Another US economic data that will interest crypto market participants this week is retail sales data. After the 0.4% reading in October, economists forecast a 0.6% reading for November. The retail sales data provides insights into consumer spending patterns and overall consumer confidence.

If retail sales are strong, it can be seen as a positive sign for the economy, indicating that consumers are spending more. This may lead to increased investor confidence in traditional financial markets, which may also seep into the crypto market.

Retail sales data can also affect inflation. If retail sales are strong, it could indicate rising demand and higher inflation. Cryptocurrencies like Bitcoin are often considered a hedge against inflation, so any signs of inflation could drive investors into cryptocurrencies.

Famous analyst Mark Cullen said, “Strong sales = huge markets, weak = vulnerable.”

Federal Reserve Interest Rate Decision (FOMC)

However, the highlight of this week's US macroeconomic data will be the Federal Reserve's (Fed) interest rate decision on Wednesday. Crypto markets support market swings in anticipation of whether the Fed will hike or lower.

According to the CME FedWatch Tool, markets are expecting a rate hike of 25 basis points (0.25% bps) on Wednesday. This is 50 basis points (0.5%) against the Fed's cut rates of 6.6%.

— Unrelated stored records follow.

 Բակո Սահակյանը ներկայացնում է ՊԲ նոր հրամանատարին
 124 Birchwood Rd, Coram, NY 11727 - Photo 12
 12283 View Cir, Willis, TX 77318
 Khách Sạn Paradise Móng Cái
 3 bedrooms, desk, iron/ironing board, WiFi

Opportunities to cut interest rates
Opportunities for interest rate cuts. Source: CME FedWatch Tool

This reflects expectations that the Fed will take a more cautious stance in cutting interest rates next year. This comes amid signs that progress in bringing inflation down to the 2% target has stalled. Against this backdrop, if intermediate interest rate forecasts show a hawkish shift in the Fed's outlook, investors will tune in to gauge the Fed's point plan.

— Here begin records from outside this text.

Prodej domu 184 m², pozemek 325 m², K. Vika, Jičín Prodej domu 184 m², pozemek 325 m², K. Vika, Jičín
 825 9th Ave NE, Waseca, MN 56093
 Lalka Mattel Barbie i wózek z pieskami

Shortly after the FOMC, Fed Chairman Jerome Powell will hold a press conference, marking another exciting time for crypto market participants.

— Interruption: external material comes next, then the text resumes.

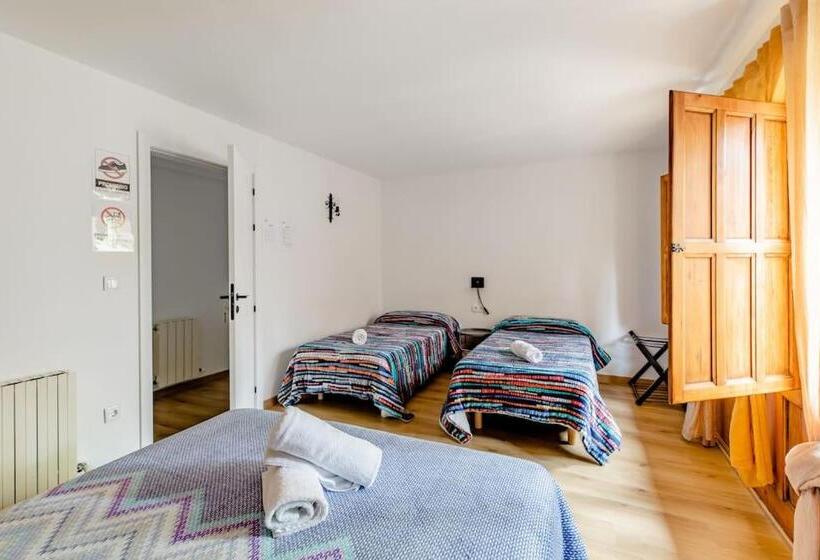 اتاق خانوادگی با سرویس بهداشتی مشترک, Rural Hostel Dos Lucas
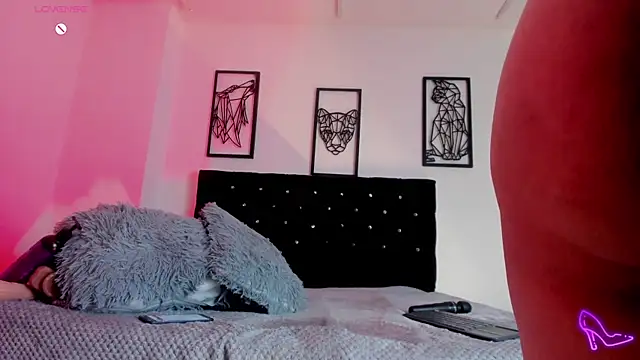 FelinaJohnson online show from 7, 5, 2026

“Markets will be closely watching for signs of bullishness or ambivalence ahead. A surprise here could cause significant moves across the board, especially in interest rate sectors,” said a popular user on X (Twitter).

Last week's US Consumer Price Index (CPI) and Producer Price Index (PPI) boosted expectations that the Fed will slow its pace of rate-cutting next year. Specifically, the CPI increased again, while the Core CPI refused to decrease. Meanwhile, the unemployment rate is gradually increasing.

Given this scenario, the FED may continue to cut interest rates by another 0.25%. However, this position may be based on the hope that this is only a temporary situation and that inflation and unemployment will decrease in the future.

Q3 2024 GDP data

On Thursday, the US Bureau of Economic Analysis (BEA) will release a second update of third quarter (Q3) GDP data. This data provides insight into the health of the economy as we approach the end of the year.

Note: This is one of the main indicators of the health of the US economy with an average forecast of 2.9% after the previous 2.8%. This means US GDP grew by an annualized 2.8% in Q3 2024, and markets will be watching to see if the trend continues.

PCE inflation data

To close out the week, November's personal consumption expenditure (PCE) inflation data will be released on Friday. It is a measure of consumer spending that includes all goods and services purchased by American households. This makes it a critical benchmark for the Fed, meaning any surprises could have a direct impact on the Fed's future policy decisions and market sentiment.

According to The Kobeissi Letter, a leading commentary on global capital markets, one-month annualized core PCE inflation hit 3.5%+ as traders awaited November data over the weekend. Meanwhile, the one-month, three-month and six-month annualized core PCE inflation rates are all rising here.

Similarly, one-month annual supercore PCE inflation is now nearing a record high of 5 percent. On the other hand, supercore PCE inflation is above 3.5% and rising. Taken together, these data show that consumers in many categories are under high inflation pressure.

Based on the above, the week could be wild, with high volatility around these events. At the time of writing, BTC was trading at $104,991, a modest 2% increase since the opening of Monday's session.